Od czterech lat słyszę, że jesteśmy odważni. Bo rzucamy nienajgorszą pracę w Polsce i przeprowadzamy się do Anglii. Bo rzucamy wszystko i przeprowadzamy się do innego miasta. Bo w ciągu 2 tygodni zostawiam ciepłą, biurową posadkę w Anglii i wyprowadzamy się na Islandię. Bo odwiedzamy Czarnobyl. Bo nie mamy kredytu. Bo pracujemy i mieszkamy razem, spędzając ze sobą 24 godziny na dobę. Mogę rzucać przykładami bez końca. Jak być odważnym?
Wy mi powiedzcie. Nie widzę nic odważnego ani w naszym trybie życia, ani w podejmowanych decyzjach. Wszystko, co robimy, staramy się robić w zgodzie ze sobą. Dla mnie większą odwagą niż wyjazd za granicę jest zaciągnięcie kredytu na 30 lat i praca w tym samym miejscu dłużej niż dwa sezony. Ja zmieniając pracę nie wchodzę w żadne długofalowe zobowiązania. Kiedy mi się gdzieś przestaje podobać, po prostu jadę gdzieś indziej. Rzucam wszystko, zostawiam problemy za sobą. W ten sposób przestają dla mnie istnieć. Zapominam, że ludzie, którzy zatruwali moje życie kiedykolwiek byli w nim obecni. Zapominam, że to, co spędzało mi sen z powiek w ogóle istniało. Liczy się tu i teraz, nowy start, nowe-stare życie. Gdzie w tym wszystkim odwaga?
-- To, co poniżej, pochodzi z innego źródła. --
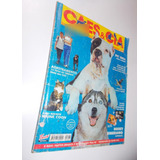 Revista Cães Cia Fevereiro 2003 Pit Bull Husky Siberiano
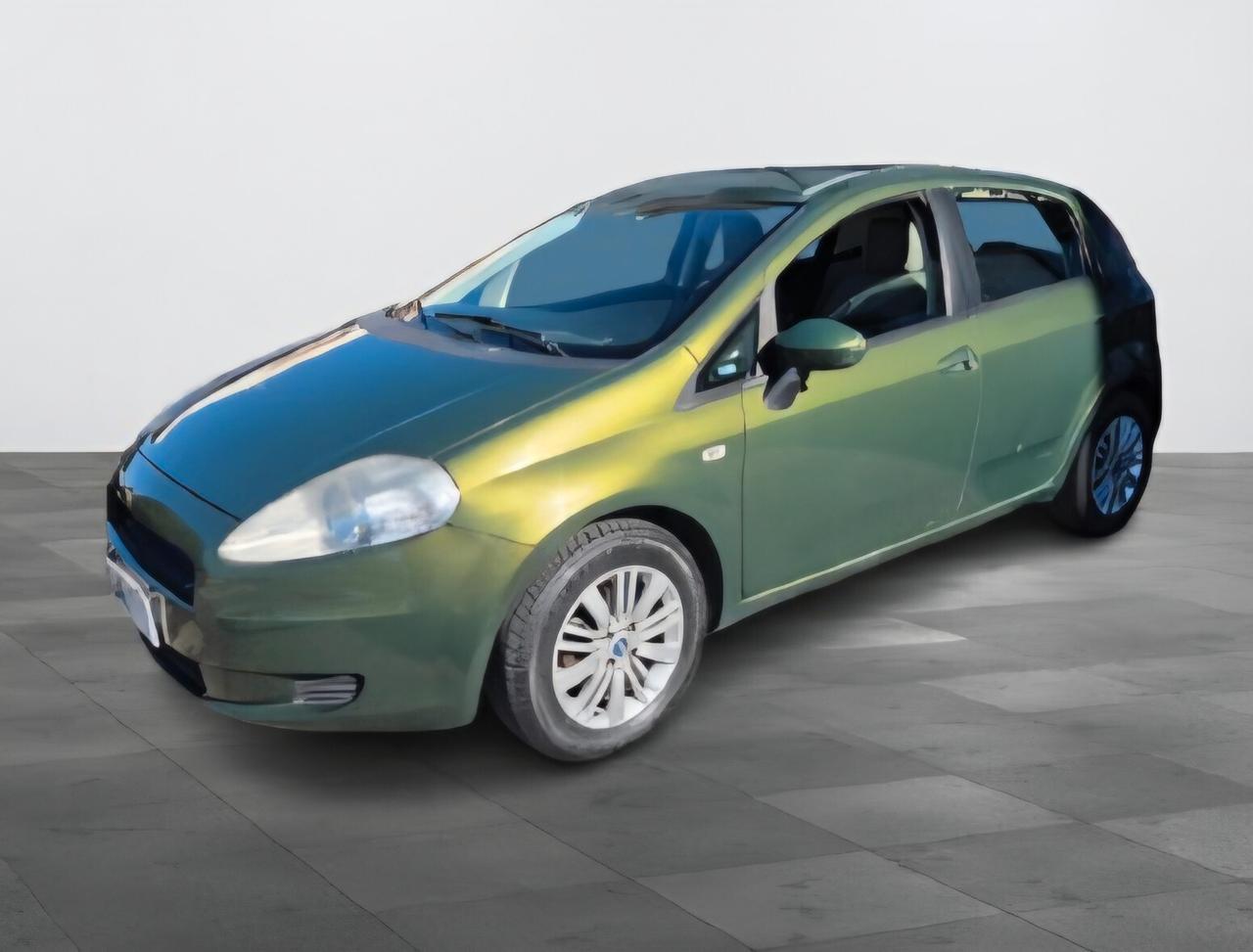 Fiat Grande Punto 1.4 Starjet 16V 5 porte Dynamic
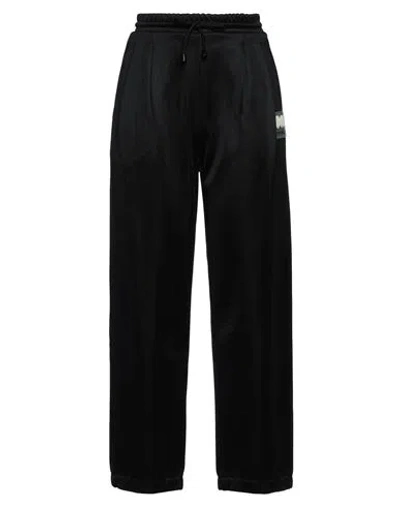 Oof Man Pants Black Size S Polyester, Cotton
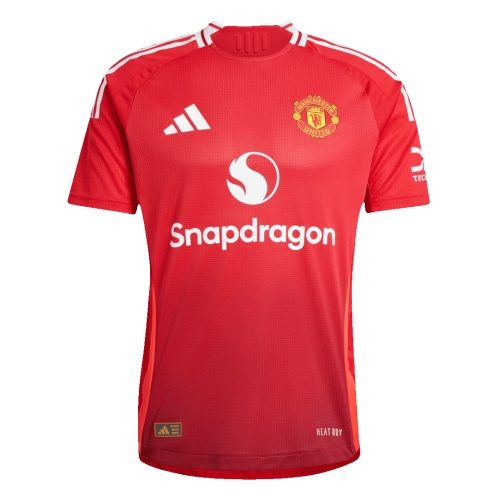 Manchester United Home Jersey Authentic 2024/25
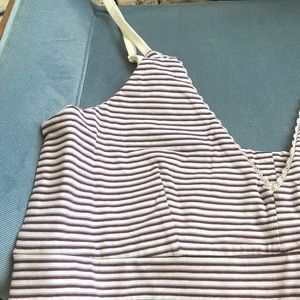 Pact soft bralette.  NWT XXL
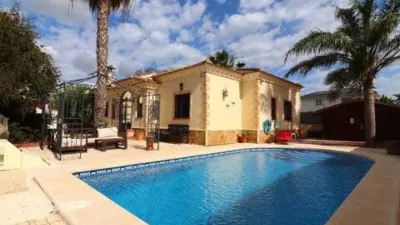 Chalet in Formentera del Segura photo 27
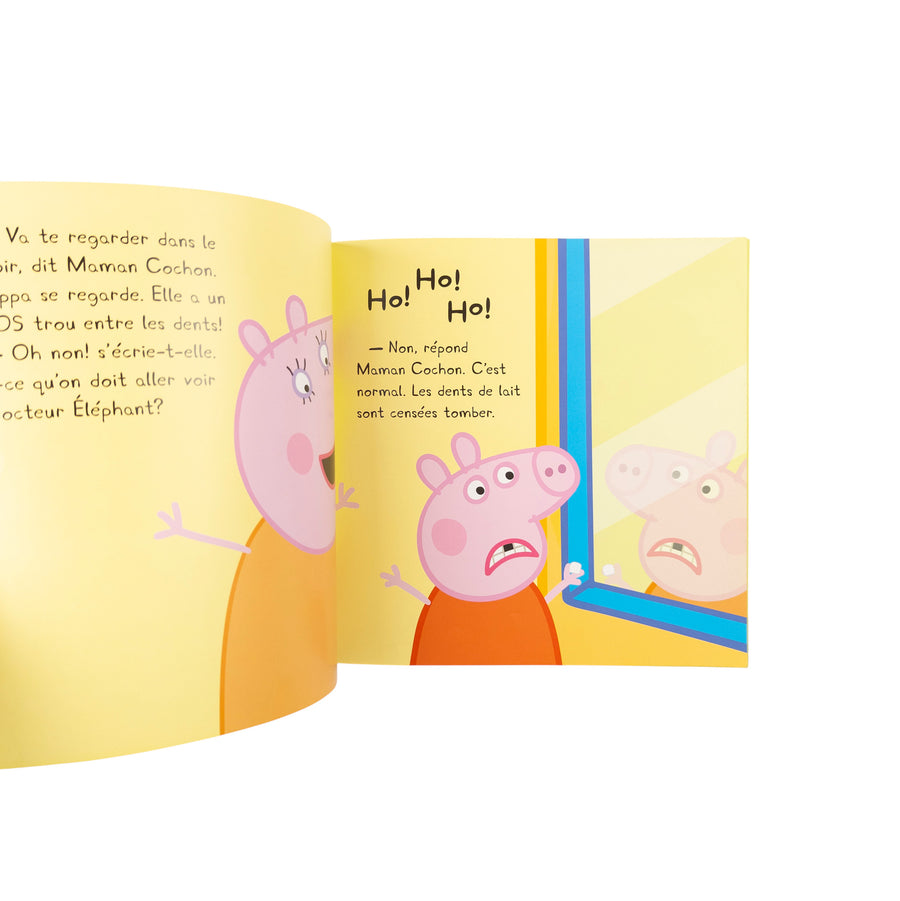 Peppa Pig La fée des dents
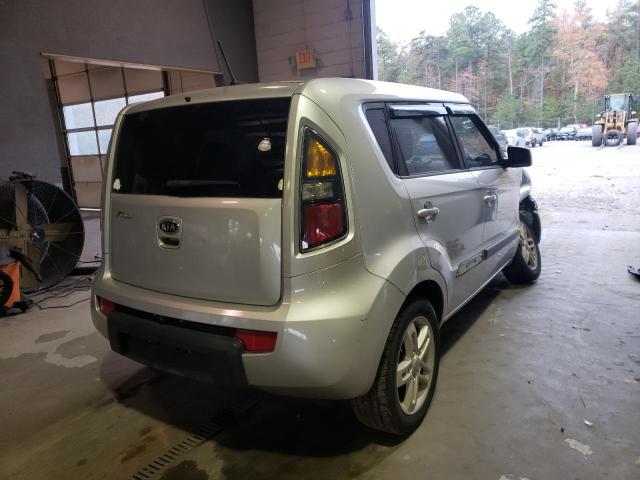 Photo 4 from auction – 2011 KIA SOUL + with VIN KNDJT2A25B7345610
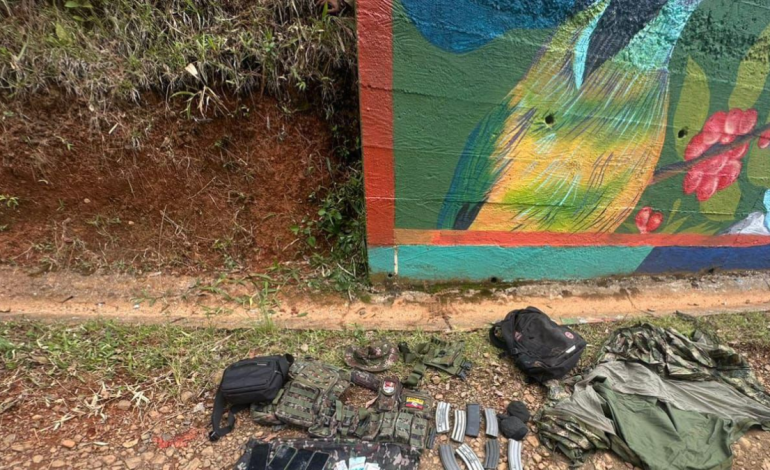 Crímenes de tres presuntos disidentes del 57º Frente y «Jaime Martínez», que fueron asesinados en el Valle del Cauca

 – Primer plano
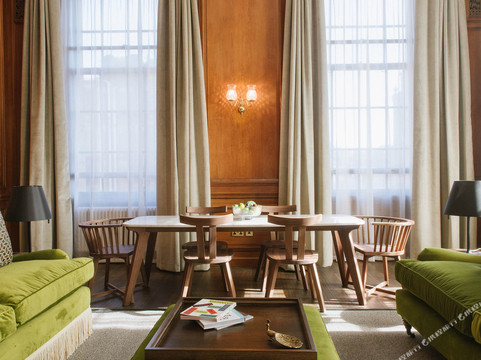 The Edinburgh Grand, A Luxury Collection Hotel, Edinburgh
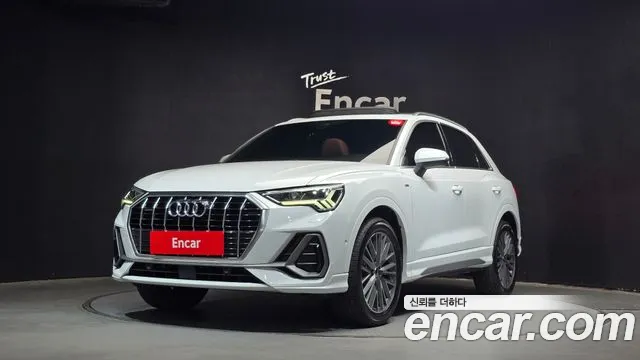 Audi Q3 (F3) 35 TDI Premium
Nie mamy samochodu, bo nie chcemy problemów z naprawą. Nie mamy psa, bo nie chcemy problemów z przeprowadzkami. Nie mamy kredytu, bo nie chcemy problemów w ogóle. Nie mamy niczego, z problemami włącznie. Powiecie: “macie odwagę być sobą i spełniać wasze marzenia.”. Na co ja niezmiennie odpowiem: “To Wy macie odwagę udawać kogoś, kim nie jesteście, tkwić w systemie, który Wam nie odpowiada, żyć w świecie niezgodnym z Waszymi wartościami. Ja jestem zwykłym tchórzem, który żyje po swojemu.”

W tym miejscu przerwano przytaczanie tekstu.